Rauf is vice chairman on the board of the Interfaith Center of New York, which honored Gregorian at an awards dinner in 2008.

Gregorian is the author of “Islam: A Mosaic, Not A Monolith.” According to a book review by the Middle East Forum, his book “establishes the Islamist goal of world domination.”

A chapter of the book, “Islamism: Liberation Politics,” quotes Ayatollah Khomeini: “Islam does not conquer. Islam wants all countries to become Muslim, of themselves.” Hassan al-Banna, founder of the Muslim Brotherhood, is quoted stating it “is the nature of Islam to dominate, not to be dominated, to impose its laws on all nations and to extend its power to the entire planet.”

Gregorian himself recommends for Muslims a system he calls “theo-democracy,” which he defines as “a divine democratic government” that, according to the book review, “would have a limited popular sovereignty under the suzerainty of Allah.”

With additional research by Danette Clark and Brenda J. Elliott

Read more at http://www.wnd.com/2013/01/muslim-broth ... 7Lsb7ZM.99

#203257 by MikeTalbot
Fri Jan 25, 2013 9:20 pm
Just as Bush and Clinton supported AL Queda narco-terrorists in the Balkans, Zer0 is actively supporting them in the mideast. Some of you here should be pleased that they have burned 4000 plus churches in Kosovo alone. Can it get better than that?

Yep.

Since we are supplying and killing people on both sides of every issue, how can we possibly lose? :wink:

Our leaders may just be a little bit smarter than you folks think! :?

Talbot

#203261 by Mike Nobody
Fri Jan 25, 2013 9:27 pm
MikeTalbot wrote:Just as Bush and Clinton supported AL Queda narco-terrorists in the Balkans, Zer0 is actively supporting them in the mideast. Some of you here should be pleased that they have burned 4000 plus churches in Kosovo alone.

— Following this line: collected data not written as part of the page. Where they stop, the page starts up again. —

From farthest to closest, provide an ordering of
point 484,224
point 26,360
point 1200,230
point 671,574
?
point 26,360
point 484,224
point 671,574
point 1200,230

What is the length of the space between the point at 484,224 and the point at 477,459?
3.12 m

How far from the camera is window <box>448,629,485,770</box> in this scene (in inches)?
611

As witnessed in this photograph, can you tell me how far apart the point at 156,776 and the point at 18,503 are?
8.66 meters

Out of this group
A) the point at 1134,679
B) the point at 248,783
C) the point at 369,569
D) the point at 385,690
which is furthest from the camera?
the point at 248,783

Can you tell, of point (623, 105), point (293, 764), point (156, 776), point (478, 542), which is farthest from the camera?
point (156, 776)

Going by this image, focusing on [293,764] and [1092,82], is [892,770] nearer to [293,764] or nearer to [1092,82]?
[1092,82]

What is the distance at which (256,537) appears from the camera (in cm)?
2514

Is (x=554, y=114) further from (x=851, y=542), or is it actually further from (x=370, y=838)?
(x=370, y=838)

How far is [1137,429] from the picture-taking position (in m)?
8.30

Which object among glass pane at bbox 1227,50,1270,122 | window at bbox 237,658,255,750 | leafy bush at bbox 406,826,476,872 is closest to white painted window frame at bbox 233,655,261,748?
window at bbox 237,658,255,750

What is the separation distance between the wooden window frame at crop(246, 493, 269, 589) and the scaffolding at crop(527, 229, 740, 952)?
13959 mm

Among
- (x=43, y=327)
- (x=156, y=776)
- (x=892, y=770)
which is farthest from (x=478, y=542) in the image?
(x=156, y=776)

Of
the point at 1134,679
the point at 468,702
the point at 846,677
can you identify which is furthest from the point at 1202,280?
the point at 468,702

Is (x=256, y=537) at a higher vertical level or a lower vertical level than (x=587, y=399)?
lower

Can it get better than that?

Yep.

Since we are supplying and killing people on both sides of every issue, how can we possibly lose? :wink:

Our leaders may just be a little bit smarter than you folks think! :?

Talbot


Why should anyone be pleased about churches burning?

#203263 by jimmydanger
Fri Jan 25, 2013 10:04 pm
Mike Nobody wrote:
MikeTalbot wrote:Just as Bush and Clinton supported AL Queda narco-terrorists in the Balkans, Zer0 is actively supporting them in the mideast. Some of you here should be pleased that they have burned 4000 plus churches in Kosovo alone. Can it get better than that?

Yep.

Since we are supplying and killing people on both sides of every issue, how can we possibly lose? :wink:

Our leaders may just be a little bit smarter than you folks think! :?

Talbot


Why should anyone be pleased about churches burning?

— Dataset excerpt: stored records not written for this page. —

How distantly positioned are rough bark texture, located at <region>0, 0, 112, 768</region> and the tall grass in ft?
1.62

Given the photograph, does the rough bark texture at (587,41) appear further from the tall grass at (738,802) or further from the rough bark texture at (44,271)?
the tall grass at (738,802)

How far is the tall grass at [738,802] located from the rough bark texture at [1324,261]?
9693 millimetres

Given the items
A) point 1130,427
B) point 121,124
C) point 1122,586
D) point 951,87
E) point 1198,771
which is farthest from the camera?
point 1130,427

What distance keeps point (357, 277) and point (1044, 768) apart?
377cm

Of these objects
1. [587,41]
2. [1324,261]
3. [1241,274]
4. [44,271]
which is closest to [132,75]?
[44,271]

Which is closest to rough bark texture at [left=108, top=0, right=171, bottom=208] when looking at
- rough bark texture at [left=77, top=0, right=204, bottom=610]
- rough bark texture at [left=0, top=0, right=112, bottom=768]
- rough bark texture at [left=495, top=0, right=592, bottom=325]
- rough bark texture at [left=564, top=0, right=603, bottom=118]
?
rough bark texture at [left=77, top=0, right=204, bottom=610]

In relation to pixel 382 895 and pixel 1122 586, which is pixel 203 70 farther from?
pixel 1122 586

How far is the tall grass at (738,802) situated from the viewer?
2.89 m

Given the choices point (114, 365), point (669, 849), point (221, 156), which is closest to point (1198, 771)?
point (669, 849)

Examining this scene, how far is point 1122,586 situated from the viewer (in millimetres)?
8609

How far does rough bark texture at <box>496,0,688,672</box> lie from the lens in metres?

Great question Mike. I suppose the religious right think that simply because you are not religious you must want their religion destroyed. I don't think anyone here wants churches burned, Bibles banned or religious people hurt, killed or discriminated against. Speaking only for myself, if you are religious and it helps you get through your life than more power to you! However if you try to push your beliefs on me in any way you will be taken down a few pegs. To use your phrase, go in peace!